Itote radikalisierte sich, nahm an einem Aufstand teil, kam ins Gefängnis
und entging nur knapp der Todesstrafe. Doch am Ende war er einer von vielen
– darunter eine bemerkenswerte Zahl an Kriegsteilnehmern –, die die
Unabhängigkeit Kenias erkämpften.
Jedes Kapitel führt Keith Lowe mit einem solchen Protagonisten ein. Auch
das macht sein Buch mit all seinen zwangsläufig darin enthaltenen Schrecken
zu einer spannenden Lektüre. Der Autor erdet damit quasi seine Analysen mit
realen Menschen, ihrer Verzweiflung, ihrem Mut und ihrem Können – und er
zeigt die Möglichkeiten auf, die nach 1945 für den Einzelnen bestanden.
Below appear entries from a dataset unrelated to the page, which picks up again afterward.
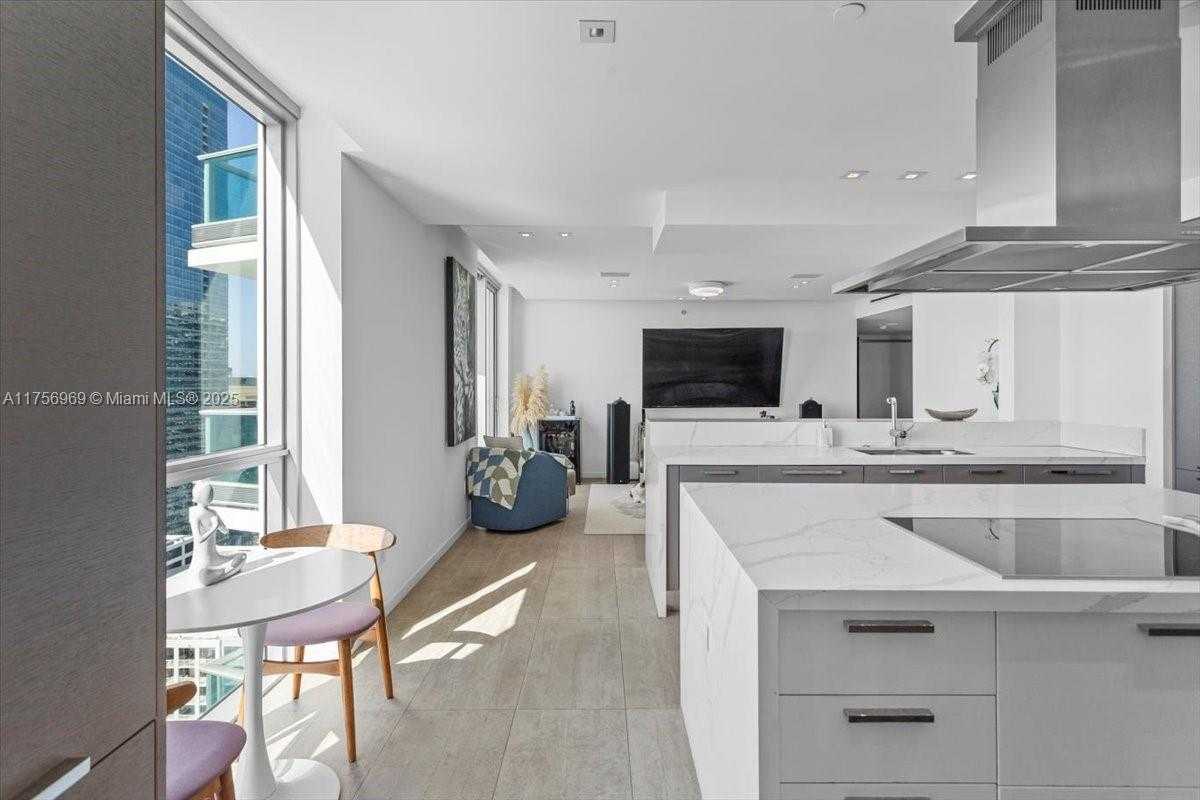 Small Image of 1331 BRICKELL BAY DR #4211, Miami Number 24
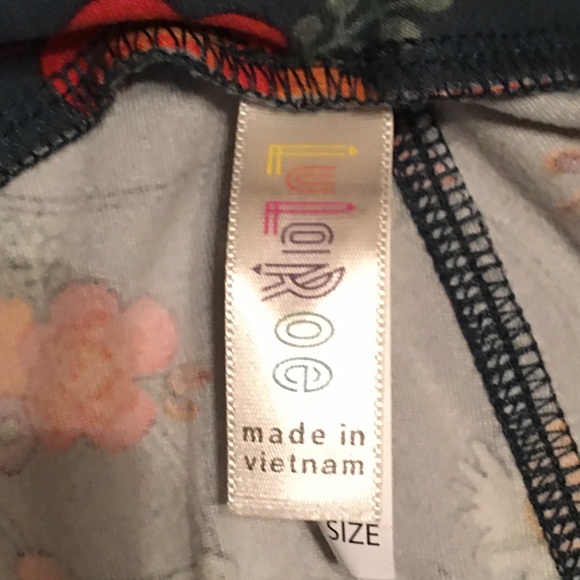 LuLaRoe Green Floral Leggings - One Size (OS) - Picture 3 of 5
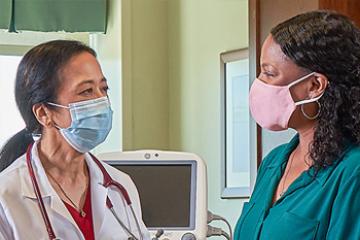 Doctor and patient in conversation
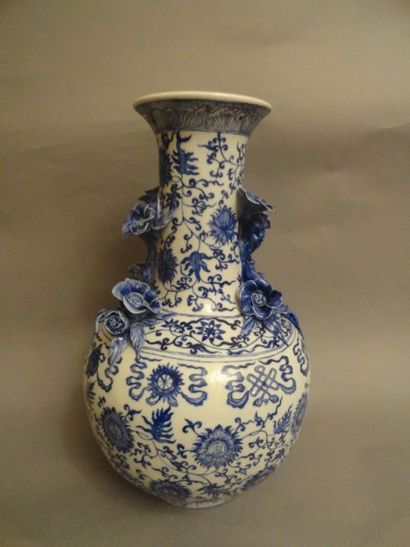 CHINE Vase bouteille décoré en bleu sous couverte de rinceaux et symboles et rehaussé...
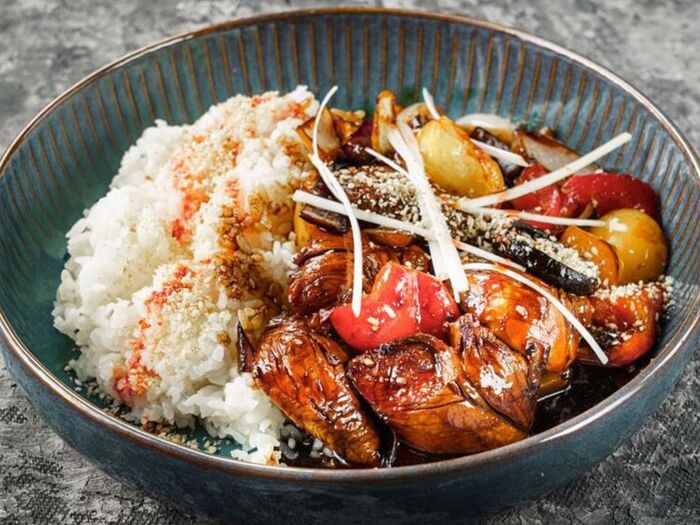 Японский рис с куриным филе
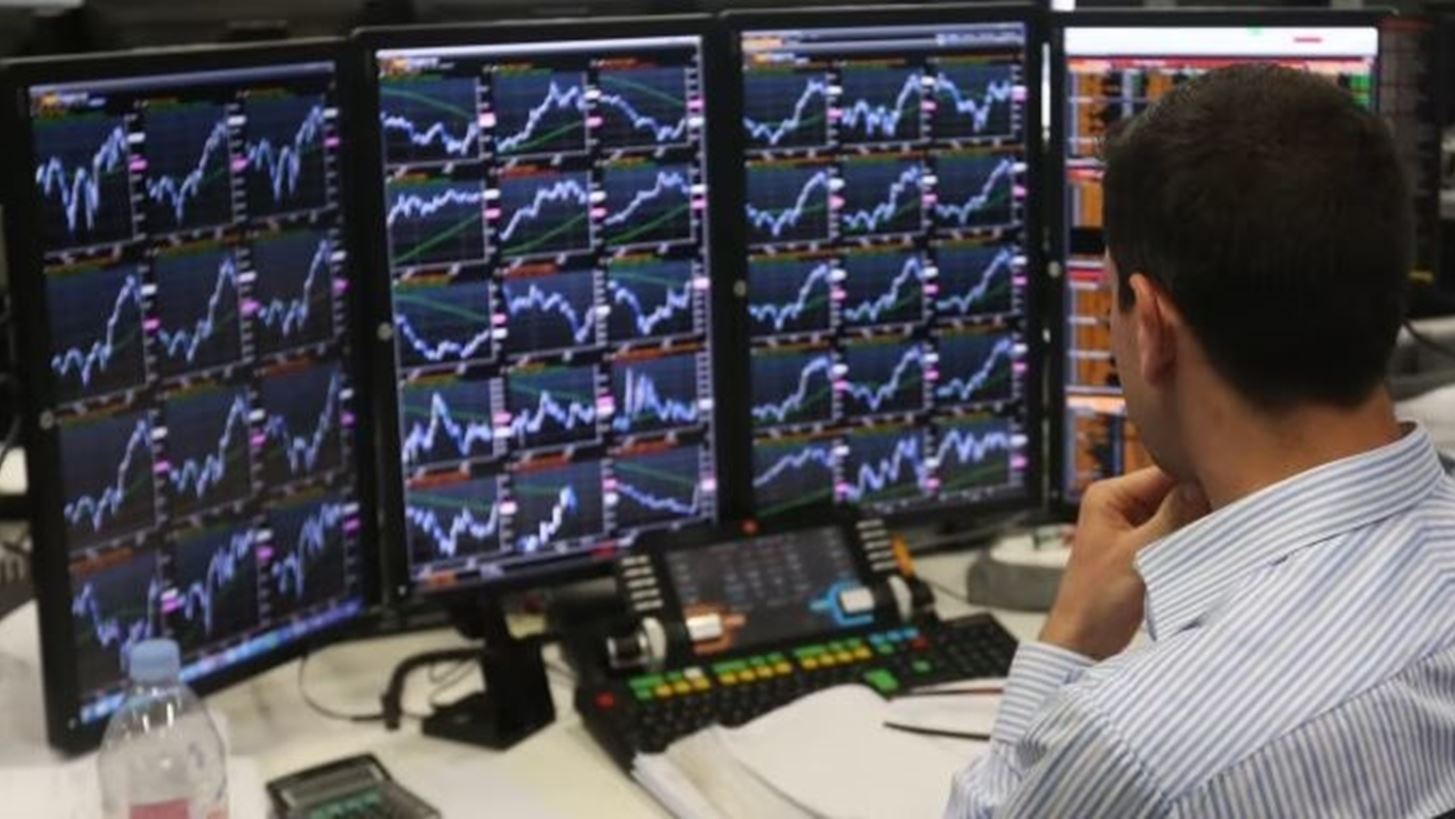 Ιστορικό χαμηλό για το spread των ελληνικών ομολόγων - Στο 3,03% η απόδοση του 10ετούς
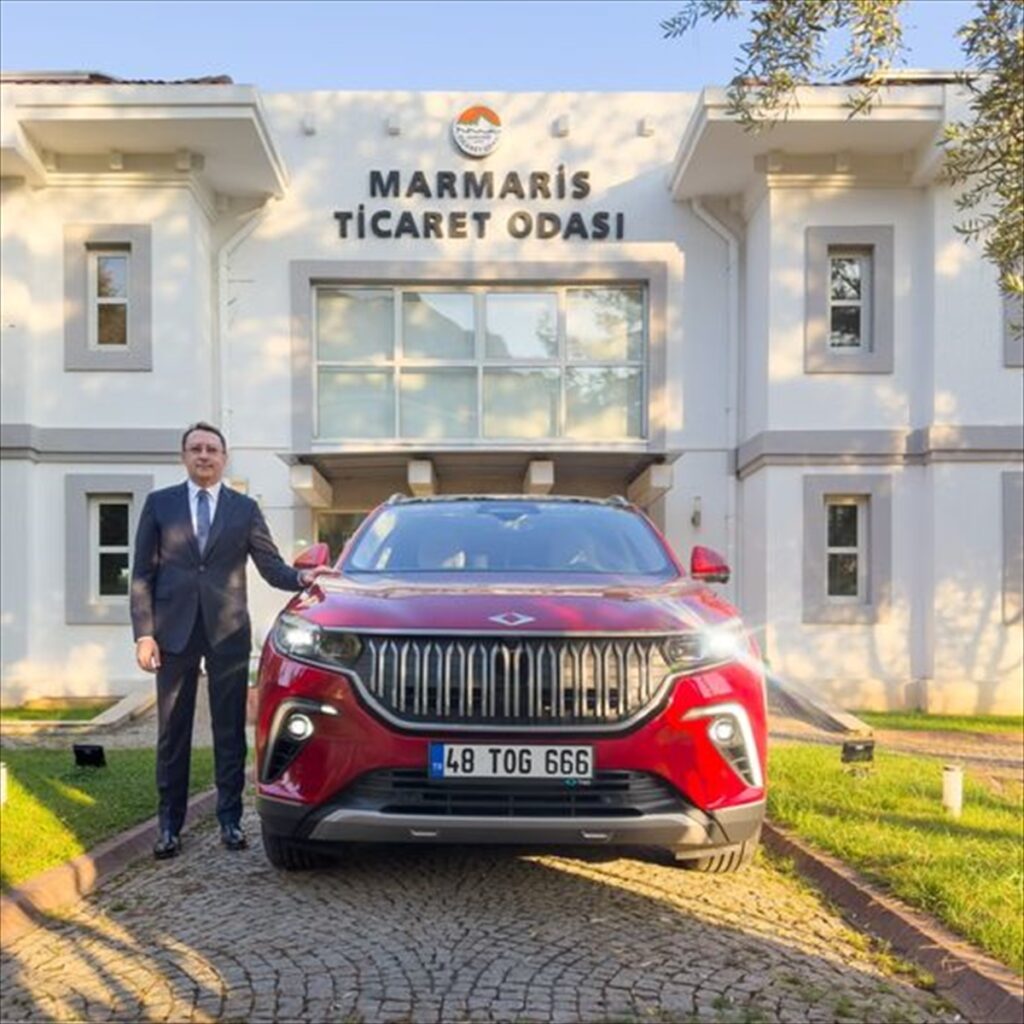 MTO, Türkiye'nin otomobili Togg'u teslim aldı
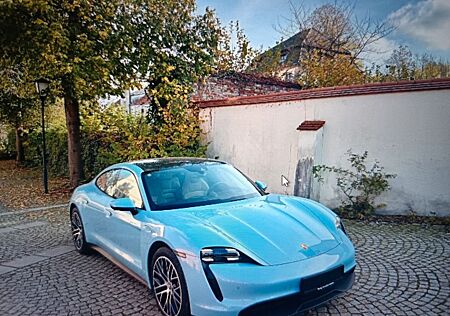 Porsche Taycan Frozen blue/Leder beige/Chrono/Pano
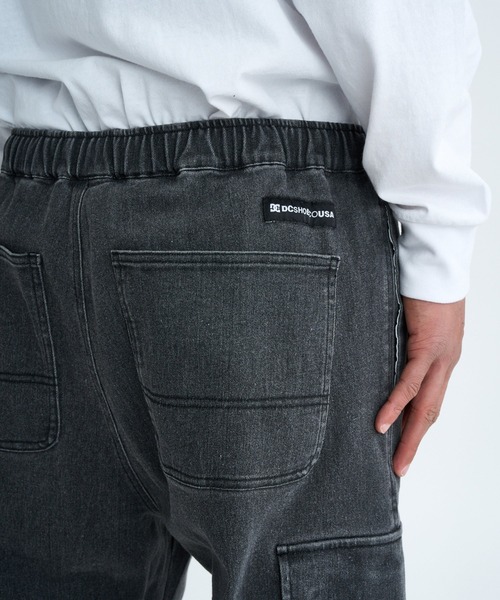 DC SHOES(ディーシーシューズ)の「25 WIDE CARGO PANT /DCストレッチウエストゴムワイド裾ドローコード付きシルエットカーゴパンツ(カーゴパンツ・メンズ・ブラック系その他/カーキ/ブラック/ライトブルー/インディゴブルー・X-LARGE/MEDIUM/LARGE)」の15枚目の写真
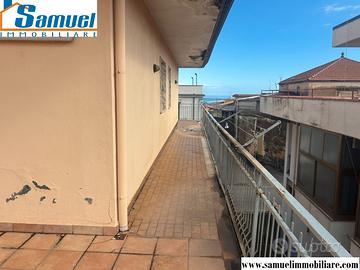 Macchia, appartamento con terrazzo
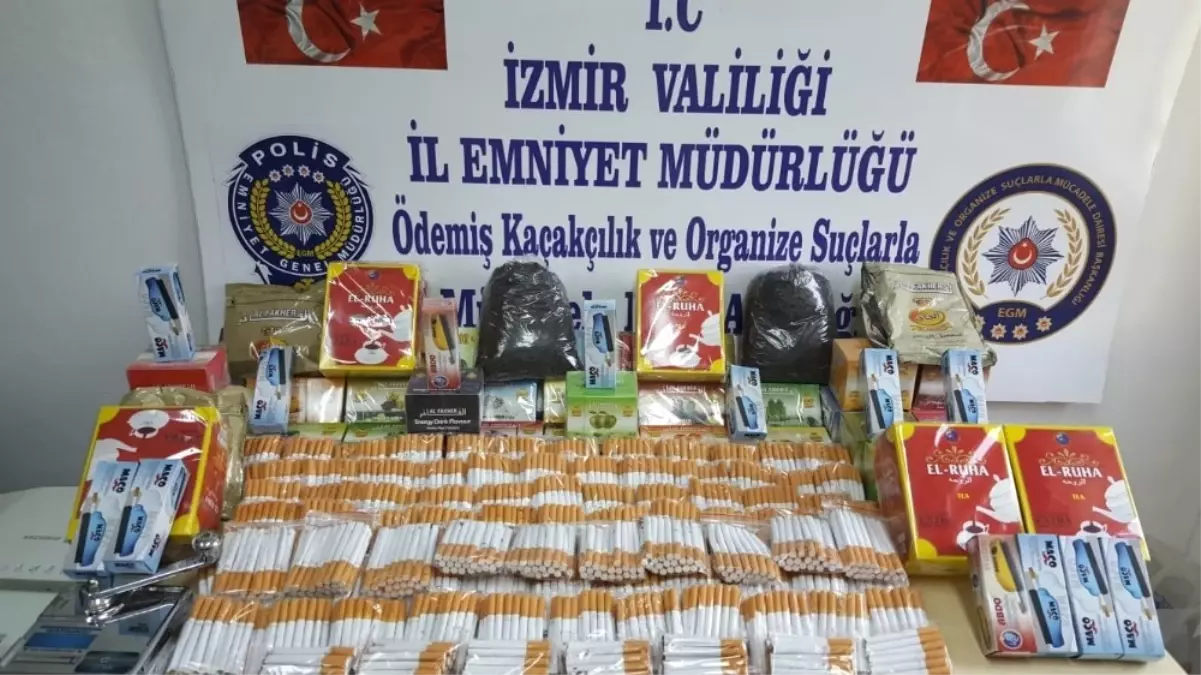 İzmir\'de Kaçak Tütün Operasyonu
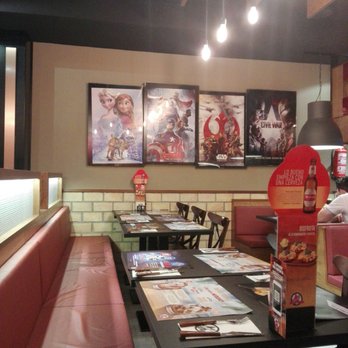 Foster's Hollywood - American Near Me - Seville, SE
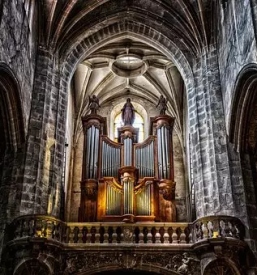 Uglasevanje orgel harmoniji medvode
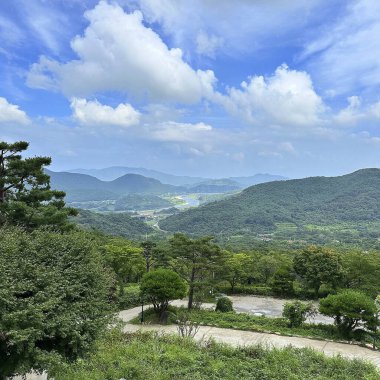 Arkasında bir dağ olan güzel bir manzara.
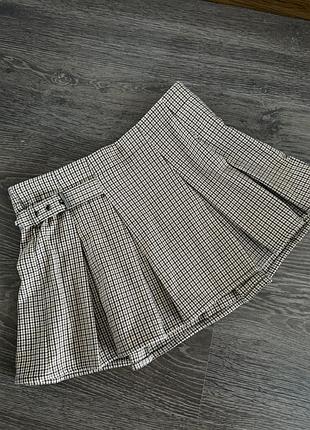 Спідниця у клітинку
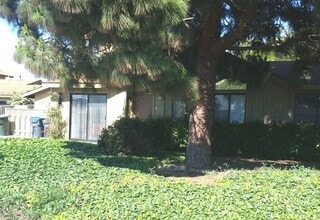 Building Photo - 601 E Pine Ave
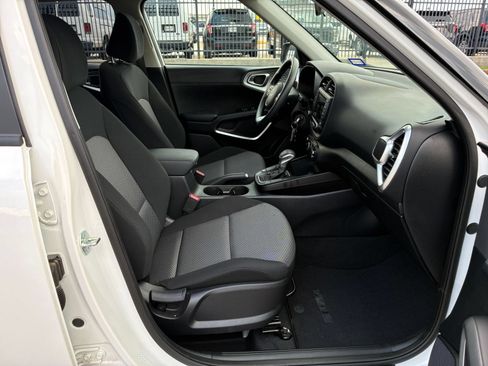 Used 2025 Kia Soul LX w/ LX Technology Package FWD image 29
Dabei verschweigt Lowe nicht, dass die Entkolonialisierung natürlich nicht
einzig ihre Ursache im Weltkrieg hatte. Aber der Krieg war der Impulsgeber
für diese Freiheitsbewegung ebenso wie für die Gründung supranationaler
Organisationen wie der Vereinten Nationen – allerdings auch für ihr
Gegenteil, den überbordenden Nationalismus.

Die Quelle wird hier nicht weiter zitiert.